Didn't feel present
So just a few hours ago I saw The Prodigy live in Hungary at Sopronseft. Sure I was yelling the lyrics of Thunder at the top of my lungs, threw myself into the mosh pit, laughed and joked around with my friend, cheered and clapped all the way but somehow I still don't feel like I was really present.
I was focusing way too much on "everyone is jumping around. Should I? Am I doing it wierd? Am I waving my arms wierdly? Can I hear clear enough? This guy keeps running into my arm. etc." And I could barely focus on the music itself.
Like I didn't have that euphorical "omg this is goose bumbs" feeling at all. Some of my friends said that this was one of the best concerts they've ever been on, but I didn't feel that.
Still, it was THE FUCKING PRODIGY, a bucket list band for me. And I do remember snippets, most of it is gone.

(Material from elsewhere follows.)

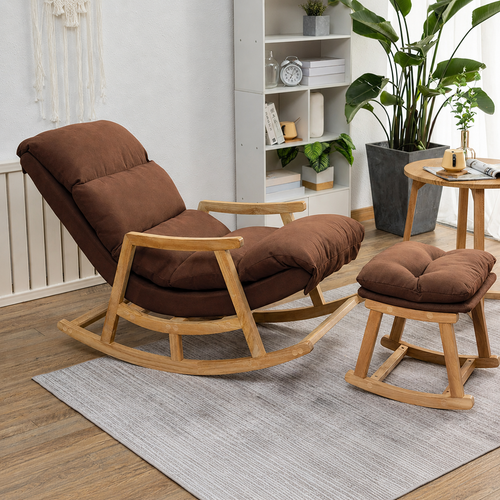 Rocking Chair Colonial and Traditional Super Comfortable Cushion And With Footrest (Natural Polish)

I know about concert amnesia, but most people say that they don't remember the details, just how it felt. But to me it's kind of gray... it was good and I did have fun but I wasn’t paying enough attention to them, even though I reminded myself multiple times throughout the concert to listen and don't end up like other times. Still did. Maybe became even more self-concious because of it.
Still it was totally worth it and this was a truly great experience but I wish I could remember at least the feeling, if I felt it at all.